Проживая свою жизнь. Автобиография. Часть I — страница 4 из 73

Я вспомнила отца: он изо всех сил старался выдать меня замуж в пятнадцать лет. Я протестовала, умоляя разрешить мне продолжить учёбу. В бешенстве отец швырнул мою французскую грамматику в огонь, крича: «Девушкам не надо многому учиться! Всё, что должна знать еврейская дочка, — это как приготовить гефилте фиш (фаршированную рыбу), как тонко нарезать лапшу и как нарожать мужчине побольше детей». Я не хотела его слушаться; мне хотелось учиться, познавать жизнь, путешествовать. Кроме того, я решительно утверждала, что никогда не выйду замуж иначе как по любви. На самом деле я настояла на путешествии в Америку, лишь бы отделаться от тех планов, которые строил для меня отец. Но попытки выдать меня замуж не прекратились даже в новой земле. Я была полна решимости не стать частью товарообмена — я найду работу.
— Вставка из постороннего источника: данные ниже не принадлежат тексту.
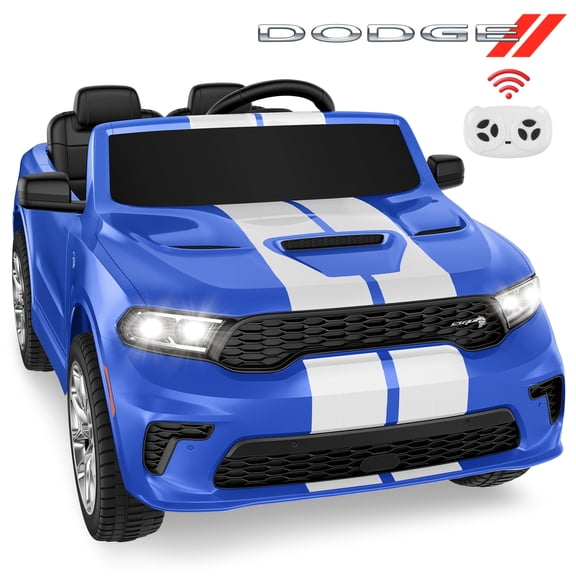 Dodge Electric Ride on Cars for Kids, 24V Licensed Dodge Durango Powered Ride on Toy with Parent Remote Control, Electric Car Vehicle for Boys 3-6 w/Music Player/LED Light/Safety Belt, Blue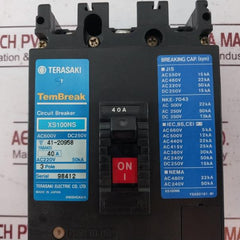 Terasaki Electric Xs100Ns Tembreak Circuit Breaker Ac 600V Dc 250V Ac220V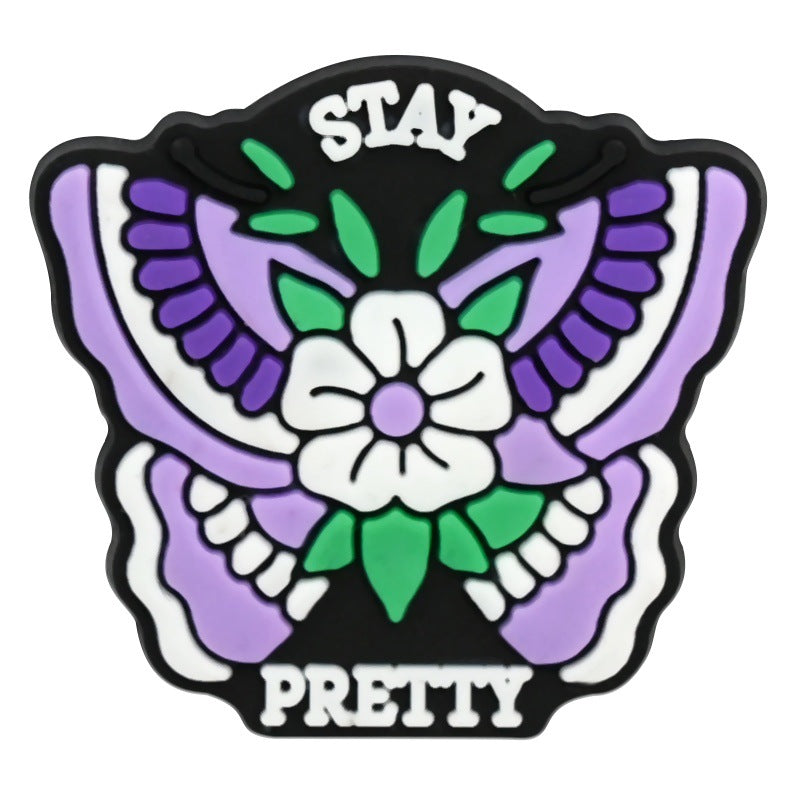 Wholesale random 100pcs Cross-border cartoon  trendy shoes and accessories PVC soft rubber detachable perforated shoes shoe flowers shoe buckles decorative buckles in stock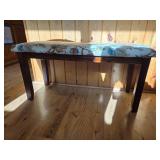 Upholstered Wooden Bench with Floral Fabric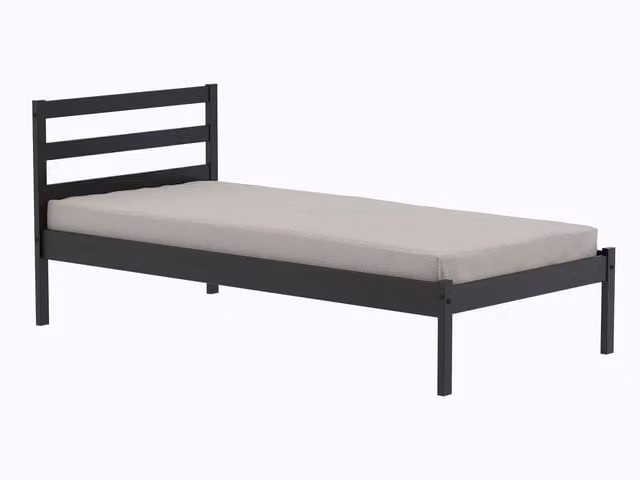 Birlea Luka Single Bed in Black Solid Wood
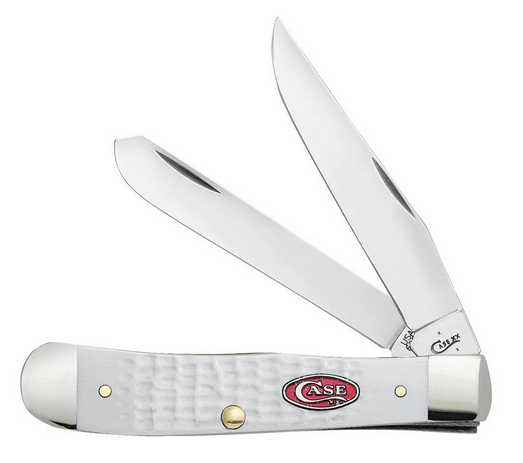 Case Trapper Slipjoint Folding Knife, Stainless, Synthetic White, 60182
Моя сестра Лина уехала в Америку, когда мне было одиннадцать. Я проводила много времени с бабушкой в Ковно, а родители жили в Попелянах — маленьком городке Курляндской губернии у Балтийского моря. Лина всегда относилась ко мне враждебно, и я неожиданно узнала, что стало тому причиной. Мне было не больше шести в то время, а Лина была на два года старше. Мы играли в шарики. Почему-то Лине показалось, что я слишком часто выигрываю. Она разозлилась, сильно ударила меня и закричала: «Ты как твой отец! Он тоже нас обманул! Он забрал все деньги, которые оставил наш отец. Я тебя ненавижу! Ты мне не сестра».

Я остолбенела от её внезапного взрыва. Несколько мгновений я сидела, уставившись в пол, потом молча перевела взгляд на Лину. Я побежала к Елене, которой рассказывала обо всех своих детских обидах, и потребовала объяснений, как это мой отец мог обокрасть Лину и почему мы с ней не сёстры.

Елена привычно обняла меня, постаралась успокоить и сказала, что Линины слова не нужно принимать всерьёз. Тогда я пошла к маме и узнала, что был ещё один отец — Елены и Лины. Он умер молодым, и мама затем вышла замуж за нашего с младшим братом отца. Она сказала, что мой отец — отец и для Елены с Линой, несмотря на то, что они ему неродные. Это правда, объяснила она, что отец тратил деньги, оставшиеся девочкам. Он вложил их в одно дело, но оно прогорело. Он хотел, чтобы нам всем было лучше. Но слова мамы мало меня утешили. «Отец не имел права брать эти деньги! — закричала я. — Они сироты. Это грех — грабить сирот. Жалко, что я не взрослая, я бы отдала им эти деньги. Да, я должна их отдать, я должна расплатиться за папин грех».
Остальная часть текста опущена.